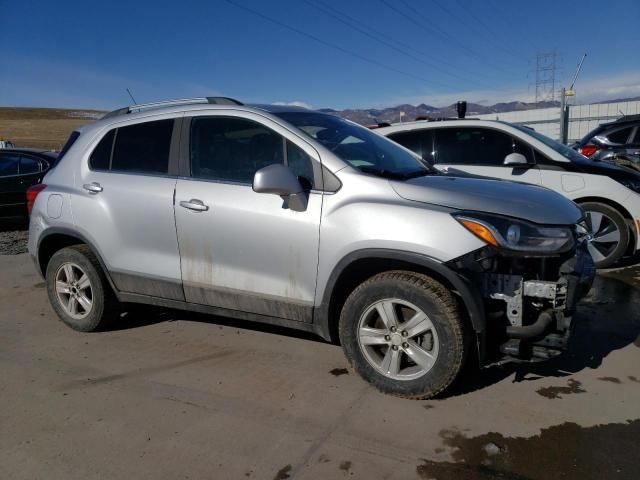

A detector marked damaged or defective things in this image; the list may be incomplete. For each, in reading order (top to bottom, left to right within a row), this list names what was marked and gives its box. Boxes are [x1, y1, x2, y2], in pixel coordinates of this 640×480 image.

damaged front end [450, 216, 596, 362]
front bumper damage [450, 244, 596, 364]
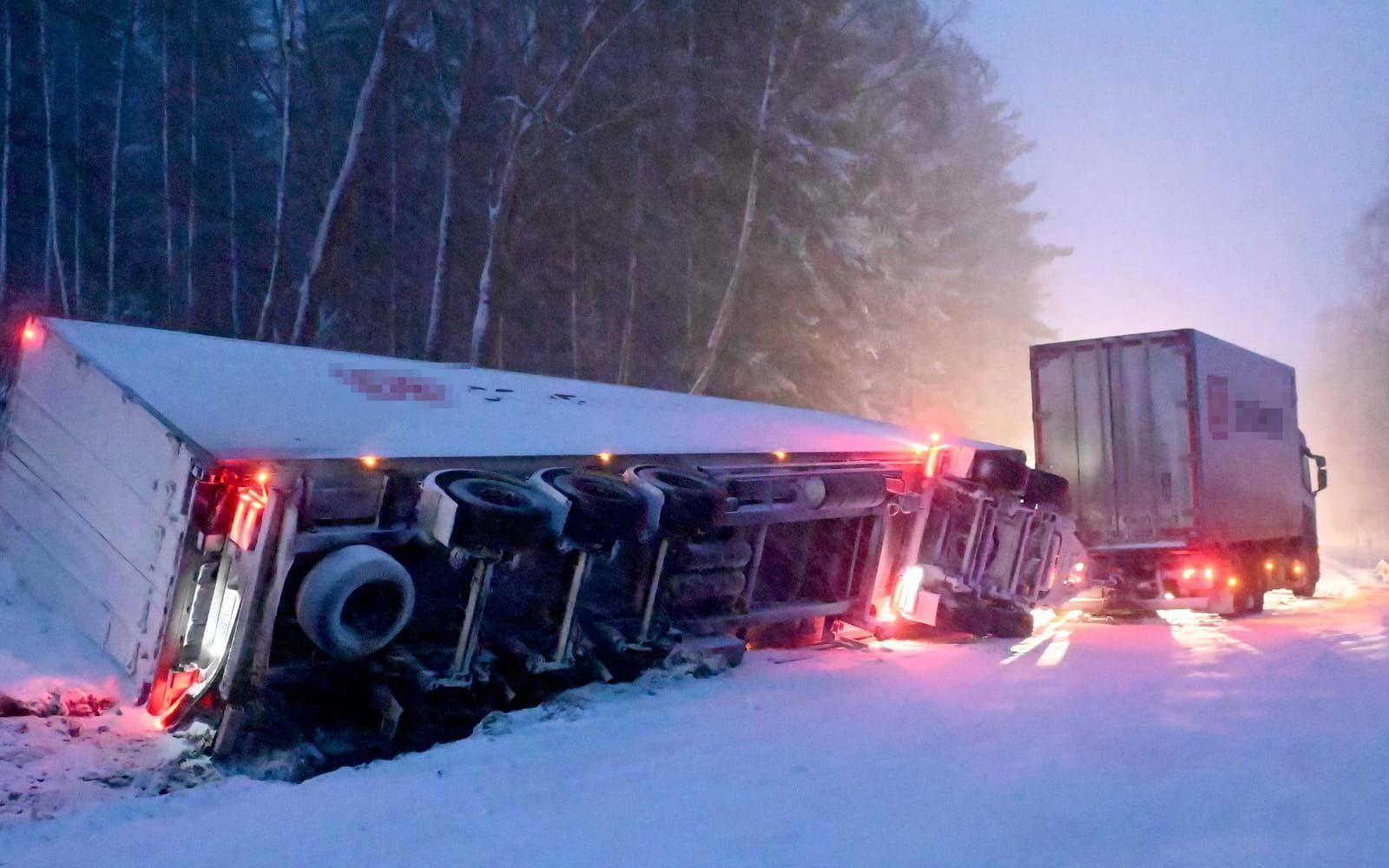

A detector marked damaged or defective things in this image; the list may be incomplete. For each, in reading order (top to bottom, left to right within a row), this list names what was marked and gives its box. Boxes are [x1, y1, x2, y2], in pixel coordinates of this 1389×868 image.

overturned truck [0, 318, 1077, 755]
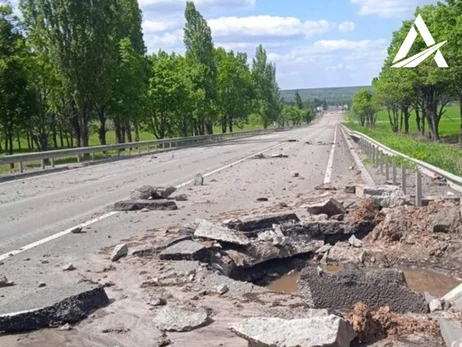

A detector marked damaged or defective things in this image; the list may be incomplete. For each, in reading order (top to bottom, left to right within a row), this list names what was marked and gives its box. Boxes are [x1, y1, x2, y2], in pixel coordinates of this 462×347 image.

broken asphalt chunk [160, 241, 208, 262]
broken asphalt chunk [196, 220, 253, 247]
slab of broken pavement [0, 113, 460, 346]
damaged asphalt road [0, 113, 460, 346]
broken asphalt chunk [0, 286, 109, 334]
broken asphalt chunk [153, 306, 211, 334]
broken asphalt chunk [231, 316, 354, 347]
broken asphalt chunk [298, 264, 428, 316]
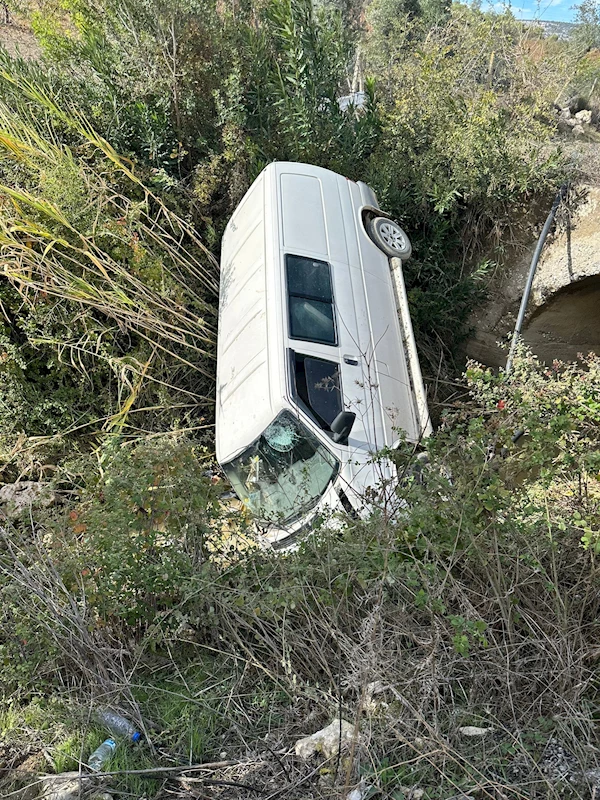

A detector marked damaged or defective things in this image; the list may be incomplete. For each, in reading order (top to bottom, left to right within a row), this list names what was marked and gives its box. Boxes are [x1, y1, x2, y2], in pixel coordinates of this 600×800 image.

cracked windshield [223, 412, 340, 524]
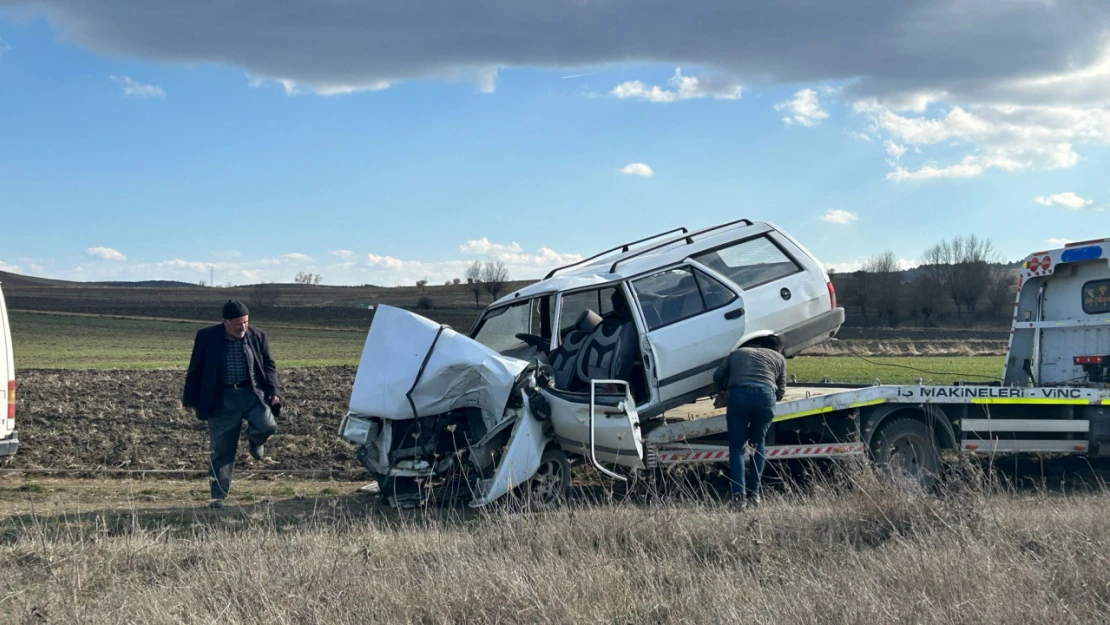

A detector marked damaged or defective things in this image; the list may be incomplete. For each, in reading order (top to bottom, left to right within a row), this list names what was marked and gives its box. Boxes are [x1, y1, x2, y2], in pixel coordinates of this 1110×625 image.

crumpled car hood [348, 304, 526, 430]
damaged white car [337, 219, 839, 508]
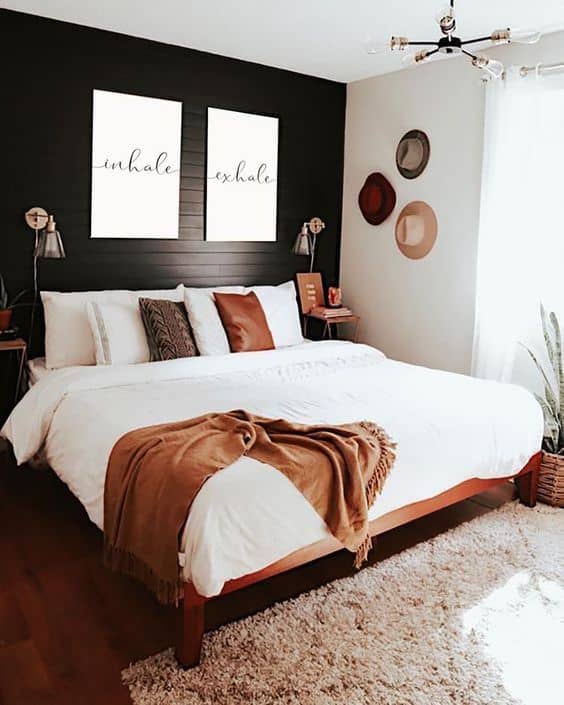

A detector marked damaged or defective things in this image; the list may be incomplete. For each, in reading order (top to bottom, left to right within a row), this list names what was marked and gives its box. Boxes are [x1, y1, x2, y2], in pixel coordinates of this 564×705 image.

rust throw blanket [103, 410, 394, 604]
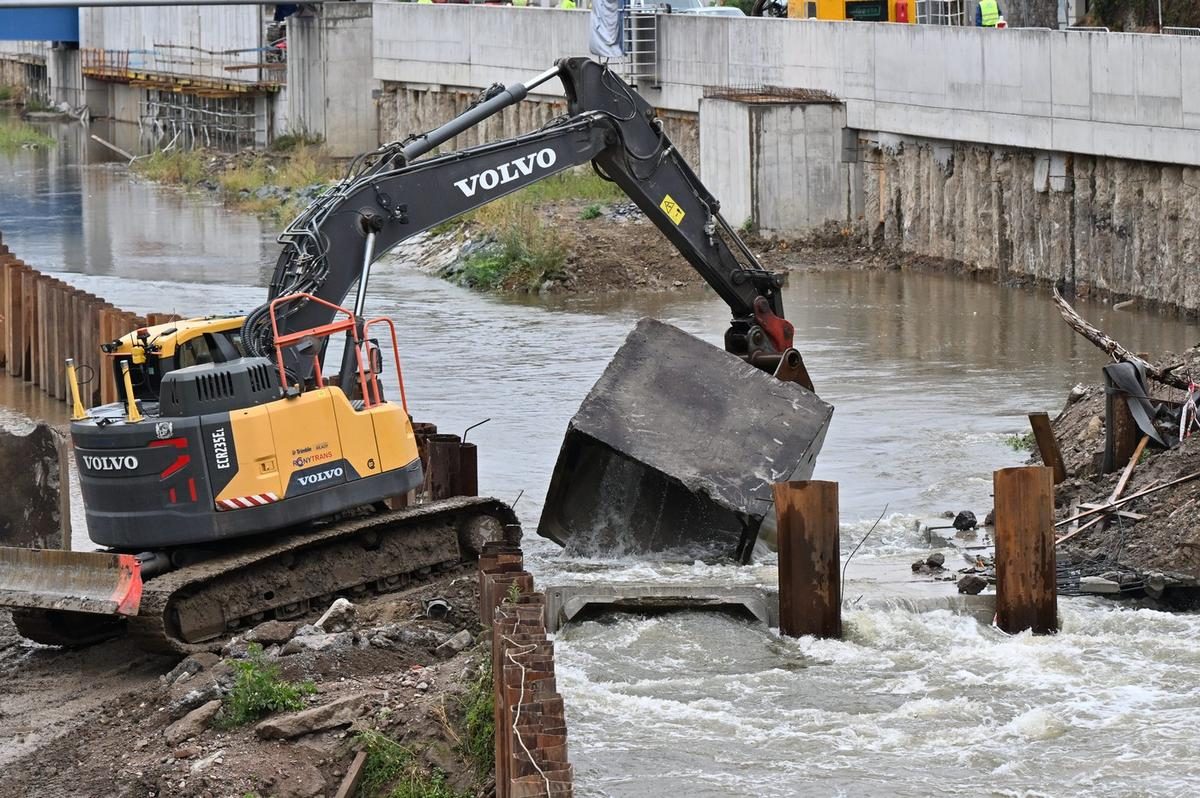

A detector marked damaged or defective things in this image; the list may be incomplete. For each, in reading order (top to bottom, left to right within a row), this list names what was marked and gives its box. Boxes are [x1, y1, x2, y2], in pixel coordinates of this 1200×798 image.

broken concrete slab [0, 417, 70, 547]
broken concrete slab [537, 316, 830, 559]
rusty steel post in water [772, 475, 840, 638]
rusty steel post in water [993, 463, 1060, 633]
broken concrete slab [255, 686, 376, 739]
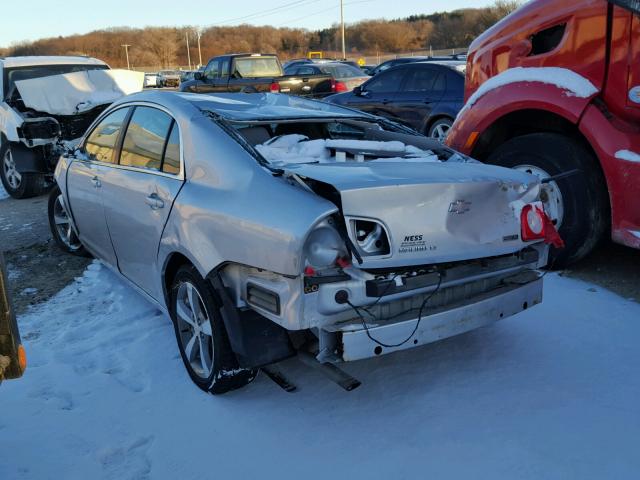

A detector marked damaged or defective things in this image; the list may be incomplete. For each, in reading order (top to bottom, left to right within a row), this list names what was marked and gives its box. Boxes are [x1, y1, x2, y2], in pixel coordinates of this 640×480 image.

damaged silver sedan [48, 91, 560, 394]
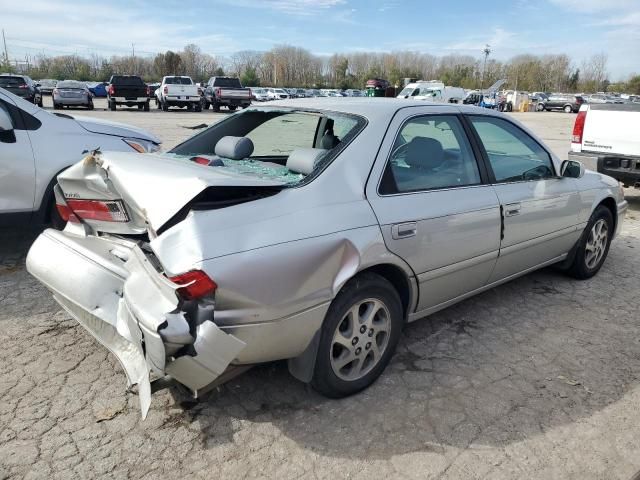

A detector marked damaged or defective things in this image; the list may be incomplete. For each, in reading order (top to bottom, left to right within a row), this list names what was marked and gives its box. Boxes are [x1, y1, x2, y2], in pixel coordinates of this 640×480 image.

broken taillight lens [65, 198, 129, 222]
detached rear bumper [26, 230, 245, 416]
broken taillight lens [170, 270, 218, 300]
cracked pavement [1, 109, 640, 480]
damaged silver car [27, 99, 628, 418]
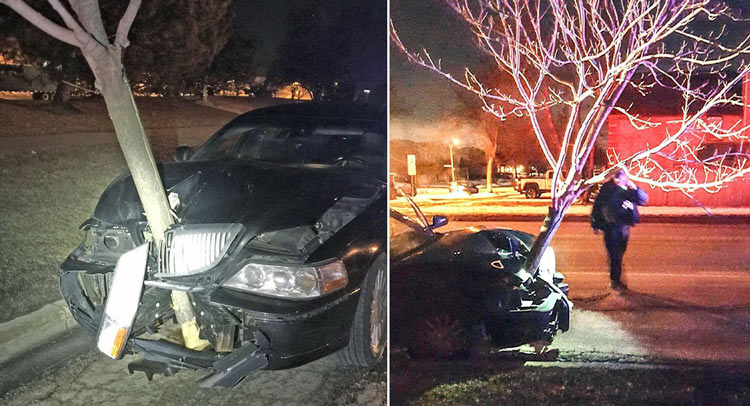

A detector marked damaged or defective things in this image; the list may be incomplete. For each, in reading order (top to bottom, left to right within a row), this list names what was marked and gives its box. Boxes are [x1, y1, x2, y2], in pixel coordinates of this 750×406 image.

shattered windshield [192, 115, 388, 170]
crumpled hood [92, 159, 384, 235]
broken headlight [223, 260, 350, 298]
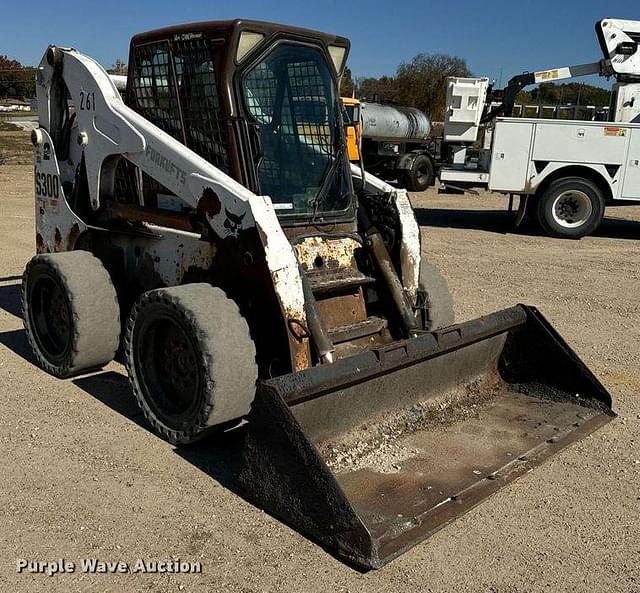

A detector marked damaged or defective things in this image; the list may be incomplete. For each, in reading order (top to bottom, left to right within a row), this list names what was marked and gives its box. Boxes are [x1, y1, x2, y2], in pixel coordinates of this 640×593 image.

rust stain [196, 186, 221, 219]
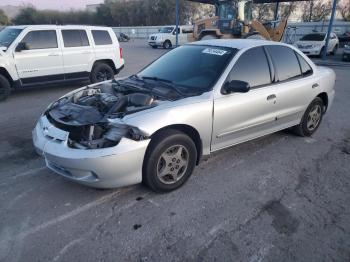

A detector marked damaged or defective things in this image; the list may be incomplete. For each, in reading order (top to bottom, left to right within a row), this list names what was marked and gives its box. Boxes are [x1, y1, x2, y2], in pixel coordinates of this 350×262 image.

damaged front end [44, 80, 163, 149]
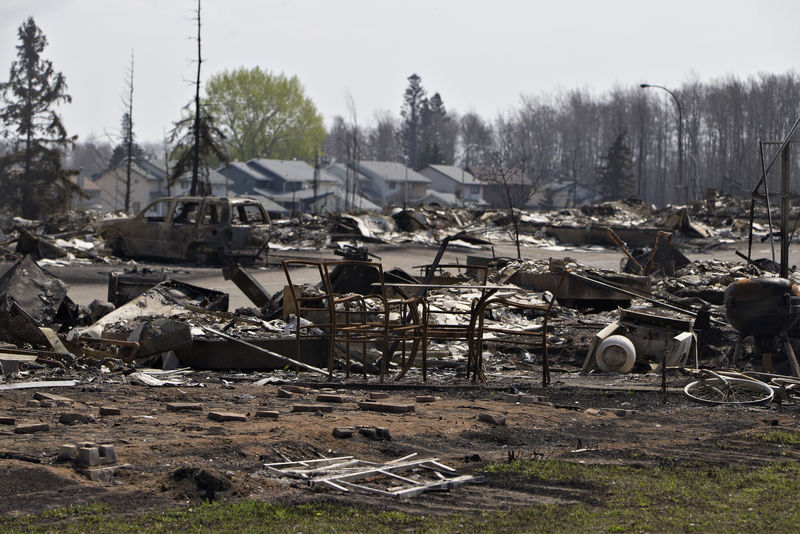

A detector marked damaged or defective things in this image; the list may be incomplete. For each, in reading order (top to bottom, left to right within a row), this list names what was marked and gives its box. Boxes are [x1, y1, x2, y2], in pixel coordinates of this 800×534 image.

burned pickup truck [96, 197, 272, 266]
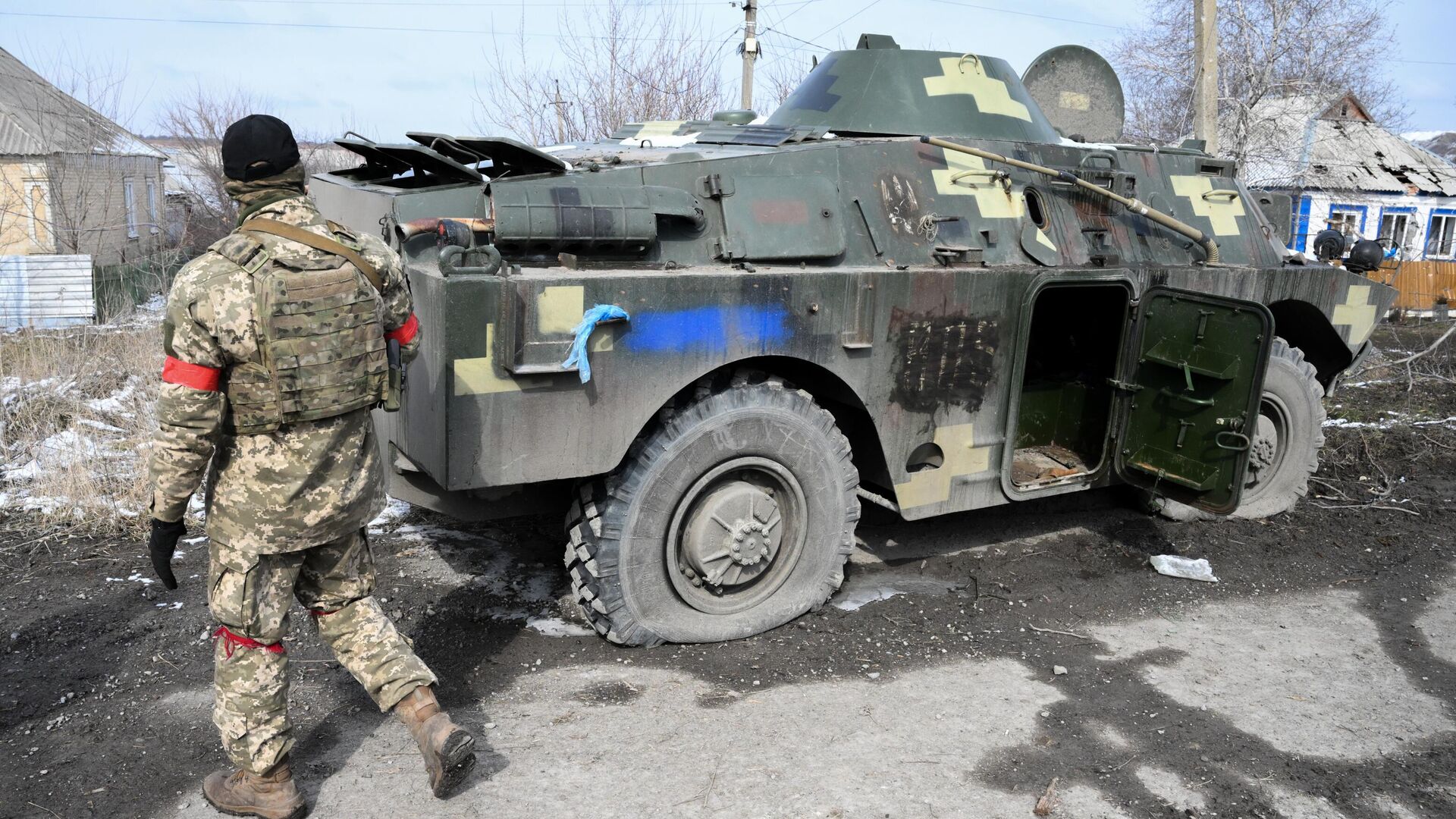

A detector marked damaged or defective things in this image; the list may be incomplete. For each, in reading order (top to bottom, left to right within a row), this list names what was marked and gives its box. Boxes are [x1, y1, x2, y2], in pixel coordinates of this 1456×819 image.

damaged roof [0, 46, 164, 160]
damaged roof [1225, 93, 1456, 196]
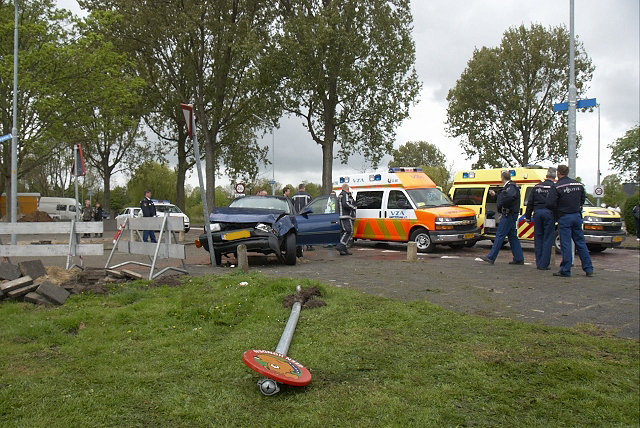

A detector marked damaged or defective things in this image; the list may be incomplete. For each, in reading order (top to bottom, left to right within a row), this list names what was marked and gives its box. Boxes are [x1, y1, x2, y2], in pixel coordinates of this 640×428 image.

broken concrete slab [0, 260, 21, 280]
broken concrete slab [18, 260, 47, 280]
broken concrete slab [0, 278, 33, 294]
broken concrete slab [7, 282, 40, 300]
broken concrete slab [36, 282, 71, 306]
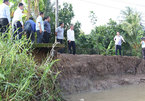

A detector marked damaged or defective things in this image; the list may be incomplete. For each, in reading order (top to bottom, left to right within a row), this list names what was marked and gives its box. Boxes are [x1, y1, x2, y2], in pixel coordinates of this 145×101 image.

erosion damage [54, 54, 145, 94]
■ ■ ■ ■
- _Brief_:
The line containing "this 800×534 image." and all lines after it, through the last line of the records, should be returned exactly. Omit the pictures.

- _Your solution_:
A detector marked damaged or defective things in this image; the list may be incomplete. For each, in reading order (top to bottom, left to right within a row), this list names what was marked and gives its box. Boxes are [x1, y1, x2, y2], in pixel coordinates of this 800×534 image.

burned pickup truck [96, 197, 272, 266]

A detector marked damaged or defective things in this image; the list may be incomplete. For each, in reading order (top to bottom, left to right within a row), this list names what was marked and gives its box. Boxes are [x1, y1, x2, y2], in pixel coordinates of this 1456×819 image.

damaged roof [0, 46, 164, 160]
damaged roof [1225, 93, 1456, 196]

A detector marked damaged or defective things in this image; the list may be incomplete. For each, in reading order (top to bottom, left to right within a row), this list names what was marked and gives its box. Boxes are [x1, y1, x2, y2], in pixel coordinates of this 640×428 image.

broken concrete slab [0, 260, 21, 280]
broken concrete slab [18, 260, 47, 280]
broken concrete slab [0, 278, 33, 294]
broken concrete slab [7, 282, 40, 300]
broken concrete slab [36, 282, 71, 306]

A detector marked damaged or defective things in this image; the list may be incomplete. For each, in reading order (top to bottom, left to right within a row), this list names what was marked and gives its box. Boxes are [x1, y1, x2, y2], in pixel coordinates of this 145×101 image.

erosion damage [54, 54, 145, 94]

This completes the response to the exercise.